Traders in Dehradun threaten to hit the streets against the Uttarakhand government’s ban on plastic across state local bodies, saying the move will affect their livelihood.
The National Green Tribunal, a specialised forum for effective and speedy disposal of cases related to environment protection and conservation, had asked for a ban on plastic only along the banks of the Ganga from Gomukh to Haridwar.
A study, published in Anthropocence journal, suggests plastics have a long-lasting impact on the planet’s geology because they are inert and hard to degrade. As a result, when plastics litter the landscape, they become part of the soil, often ending up in the sea and being consumed by and killing plankton, fish and seabirds.
In January, the urban development department had sent notices to all the 90 urban local bodies of the state to ensure a ban on plastic of any kind in all cities and towns along the Ganga river and its tributaries from February 1.
The green tribunal had also prohibited procurement, storing and sale of plastic items, mandating a penalty of `5,000 for violation.
The Prantiya Udyog Vyapar Mandal, the regional traders’ association, alleged the department implemented the ban in a hurry and without any proper study of its ramifications for the traders.

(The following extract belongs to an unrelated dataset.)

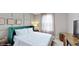 Cozy bedroom with a plush green headboard, soft white linens and modern decor at 8900 Sydney Ave, Kissimmee, FL 34747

According to the association, the ban will directly affect at least 150 retailers and suppliers of plastic disposables in Dehradun.

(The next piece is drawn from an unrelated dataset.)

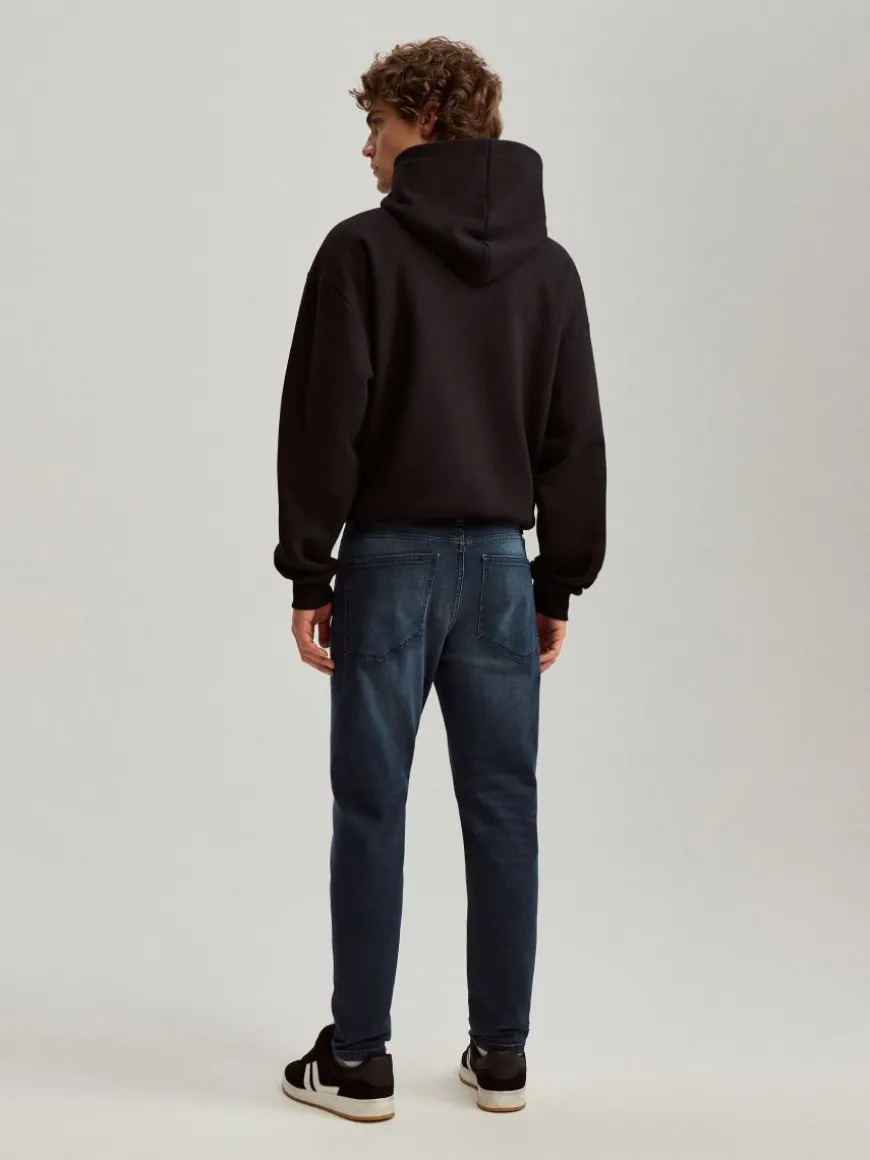 Ciemnoniebieskie jeansy carrot fit z mocnym efektem sprania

Association president Umesh Aggarwal said they were not against environment conservation but against the “hurried and short-sighted decision” of the state government.
“Many other states are using plastic bags made of 40micron-plus thickness and disposable materials. Why the ban is being extended to those areas which are not on the Ganga banks?” said Aggarwal.
“Secondly, why didn’t the government take the business community in confidence before implementing the blanket ban?” he said.
Association members met urban development officials last week, threatening that they would begin agitation if there was not any urgent relaxation for traders.
Aggarwal said the government should ask the Dehradun Municipal Corporation to put in place an effective system for recycling plastic waste, instead of introducing such moves which harass the traders.
Members of the Doon Patta Association, a group of disposable catering item suppliers, met municipal commissioner Nitin Singh Bhadauria last week in protest against the plastic ban.
The urban development department plans to seek relief from the green bench in its next hearing on February 17.
“There are certain practical issues that we are facing (in implementation of the ban) and want to bring the same to the notice of the NGT and seek relief,” said urban development secretary Darban Singh Garbyal.